Men of War is a fine third iteration in the tactical strategy series. The game in firmly entrenched in realism, from the weapon ballistics to the wide selection of units at your disposal. The single player campaign does not stray from the high level of difficulty seen in previous iterations of the series: it’s hard on any setting, and this will deter all but the most dedicated grognard. The campaign is also very linear and quite unfair (adding to its difficulty), featuring enemies with superior numbers and usually superior weapons. Despite these shortcomings, I am willing to give Men of War the “buy it” rating based off the strength of the multiplayer: Men of War is the best World War II multiplayer strategy game I can remember (this included).
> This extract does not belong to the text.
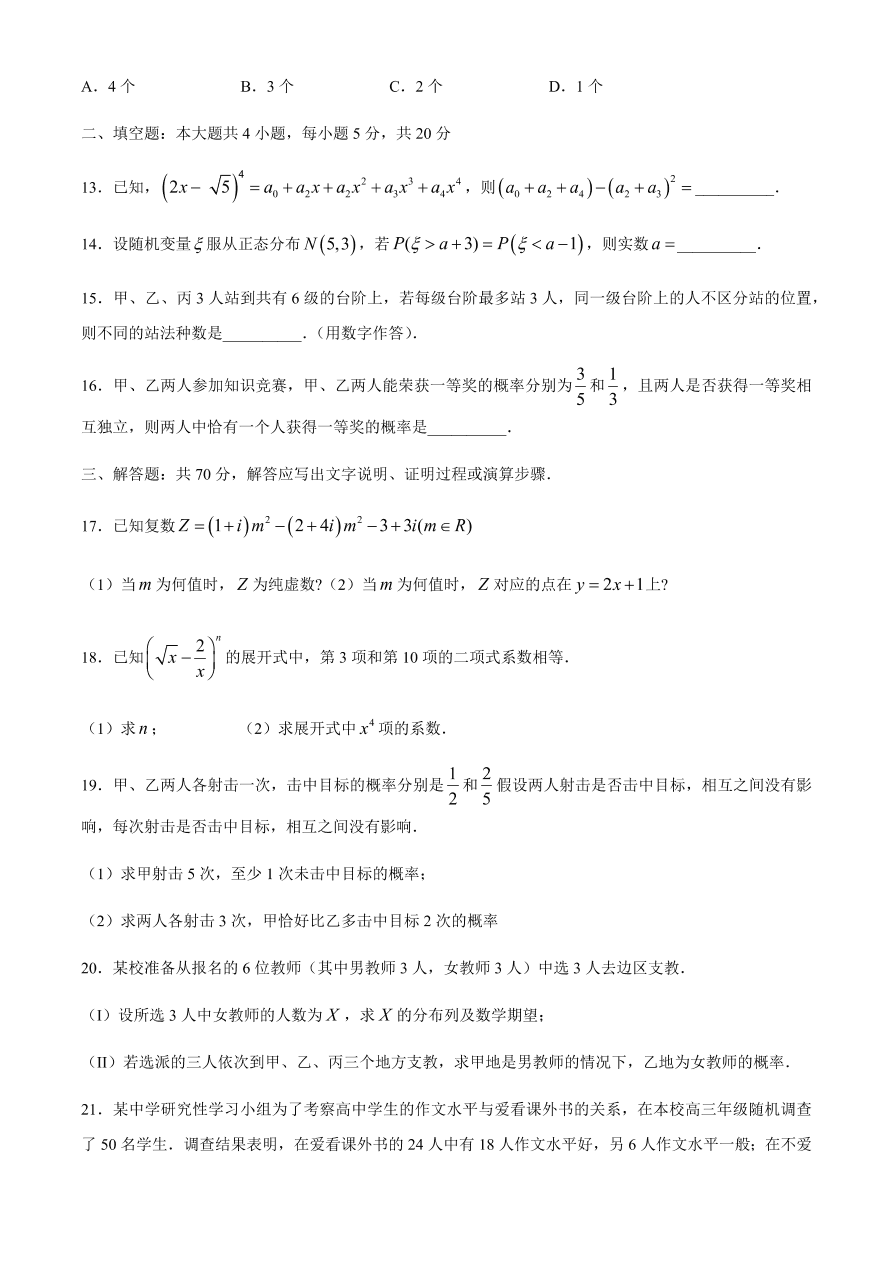 2020届湖北省十堰市车城高级中学高二（理）数学期中考试试题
The mix of realism works exceedingly well online: with no cheap tactics or build orders to rely on (since everyone receives the same reinforcement rate based on performance), you can focus on proper positioning and the compelling direct control feature (which no other strategy game has executed as successfully as Men of War). Online play also has several game modes and plenty of maps to destroy (and they will destroy in real time, providing new areas for cover). The only blemish in multiplayer is the lack of AI bots to play against or substitute for players who have dropped: a minor but significant enough exclusion. The interface lets you easily access all of your units, and the graphics are top-notch (although the voice acting is terrible). Men of War is an excellent game for those players looking for realistic tactical online gaming.